# Reconstruct the Dewey classification at the British Library
We start as usual by prepraring everything to work with our csv file.
 * we import the module 'csv'
 * we create an empty dictionary, *listDewey*, that will include DDC numbers, types of topics and specific topics
 * we open the csv file and we iterate over its rows
 
In order to fill the dictionary, we group pairs of 'type of topic'/'topic' by each DDC number. Therefore the new dictionary, *dictDewey*, will store DDC numbers as keys, and a list of tuples - in the form *(type of topic , topic)* - as values. 

To fill the dictionary with only unique keys, we define an *if/else* statement while iterating over the rows of the csv file. 

 * If the DDC number has already been included as a key of the dictionary (and therefore it has a list as value, including at least a tuple *(type of topic , topic)*), append only the new tuples to the end of the list. 
 * Otherwhise, if the DDC number has not been included yet as a key, create a key/value pair, where the value is a list including the tuple *(type of topic , topic)*. 



In [23]:
import csv 

dictDewey = {}

with open('topics.csv', 'r', errors='ignore') as csvfile:
    reader = csv.DictReader(csvfile)
    for row in reader:

        # 1. dewey classification: dewey numbers are unique keys; values are lists. 
        # if the dewey number already exists, append new tuples to the list, otherwise the list is just that value
        if row['Dewey classification'] in dictDewey:
            dictDewey[row['Dewey classification']].append((row['Type of topic'], row['Topic']))
        else:
            dictDewey[row['Dewey classification']] = [(row['Type of topic'], row['Topic'])]
dictDewey

{'': [('chronological term', '1997-2011'),
  ('general term', 'Adventure stories--History and criticism'),
  ('general term', 'Apocalyptic literature--History and criticism'),
  ('general term', 'Authors--Great Britain--Biography'),
  ('title', 'Bible--Study and teaching'),
  ('general term', 'Books and reading'),
  ('person', 'Brown, Dan, 1964-'),
  ('person', 'Bulgakov, Mikhail, 1891-1940'),
  ('person', 'Bulgakov, Mikhail, 1891-1940--Philosophy'),
  ('general term', 'Characters and characteristics'),
  ('general term', "Children's literature"),
  ('general term', "Children's literature, English"),
  ('general term',
   "Children's literature, English--Germany--History and criticism"),
  ('general term', "Children's literature, English--History and criticism"),
  ('general term', "Children's literature, English--History and criticism"),
  ('general term', "Children's literature--History and criticism"),
  ('general term', "Children's literature--Marketing"),
  ('general term', "Child

So doing we get a dictionary where the keys are unique, but there are several repetitions in their values (i.e. many tuples are the repeated in the same list). 

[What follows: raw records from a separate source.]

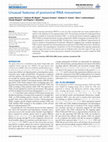 Research paper thumbnail of Unusual Long-Distance Movement Strategies of Potato mop-top virus RNAs in Nicotiana benthamiana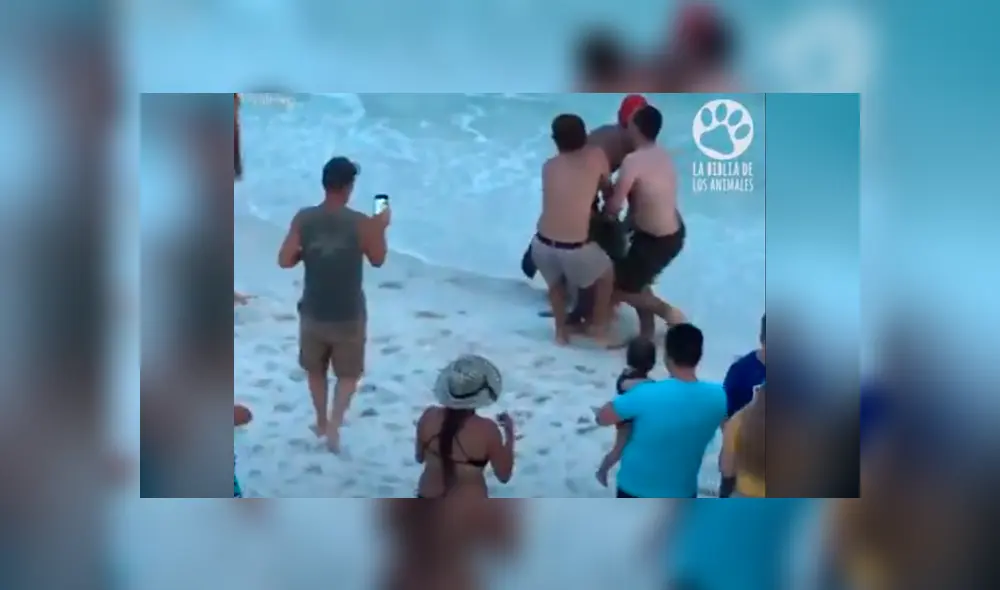 El video viral de YouTube registró el osado plan que hizo un grupo de bañistas para rescatar a un tiburón martillo. El video viral de YouTube registró el osado plan que hizo un grupo de bañistas para rescatar a un tiburón martillo.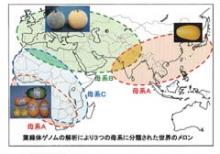 Genetic assay and study of crop germplasm distributed in Asia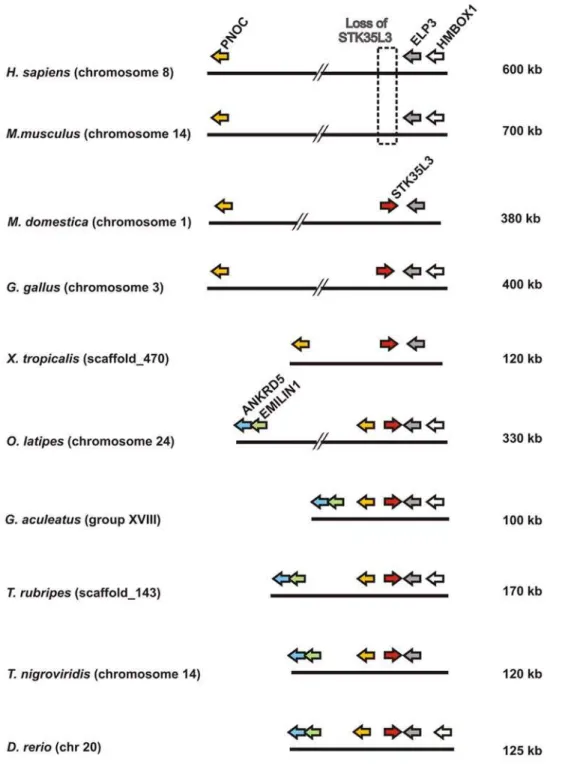 Figure 9. Genomic localizations of STK35L3 and flanking genes in different vertebrates.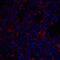 Transmembrane 4 L6 family member 1 antibody, A10368, Boster Biological Technology, Immunofluorescence image 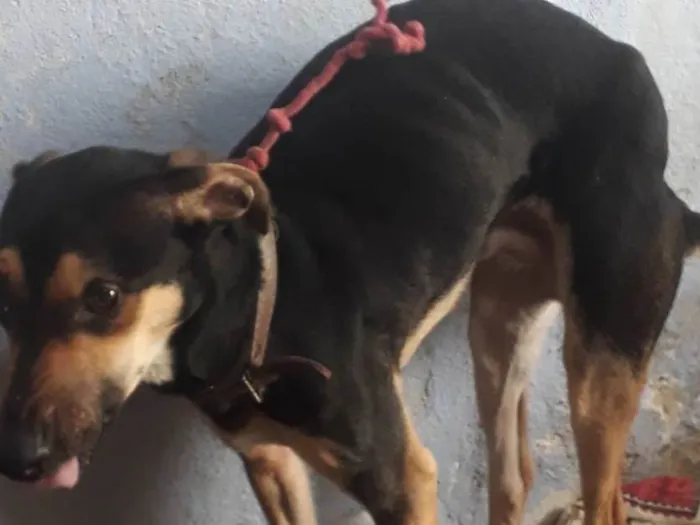 Cachorro ra a SRD-ViraLata idade 1 ano nome Toddy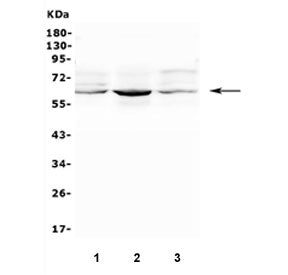 SMOX Antibody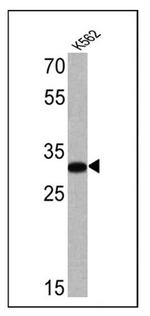 CD235a Antibody in Western Blot (WB)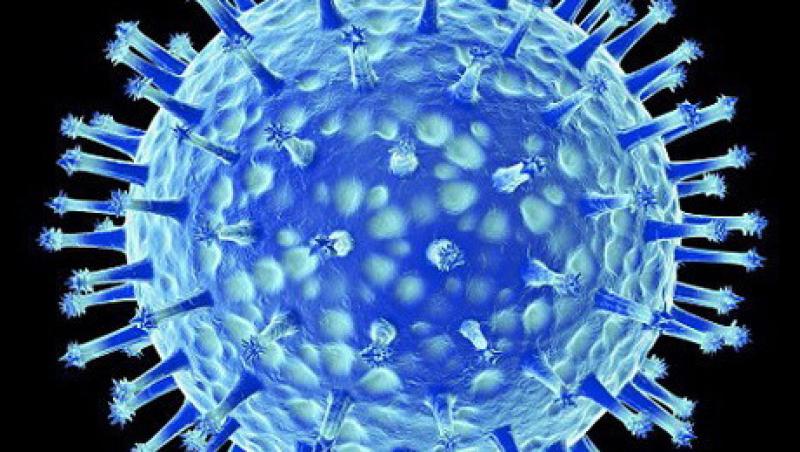 Virus extrem de periculos, creat de om in laborator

We clean the lists of tuples iterating over the pairs key/value of the dictionary (by using dictDewey*.items()*). The values (i.e. the lists) are defined as sets, thus duplicate tuples are removed.

Duplicate tuples are removed, but still, the first item of the tuple is repeated several times for each different topic with the same type. Then we group topics by types of topic by modifying the structure of the list in a **defaultdict**. 
 * we define an empty defaultdict for each pair DDC/list of *dictDewey*
 * we iterate over each item of a tuple (*k*, *v*)
 * such defaultict are defined as empty lists that will be filled with unique keys *k* (types of topics) and a list of topics *v* as values.

This process groups all the topics by a common type of topic, i.e. all the values are grouped by a common key.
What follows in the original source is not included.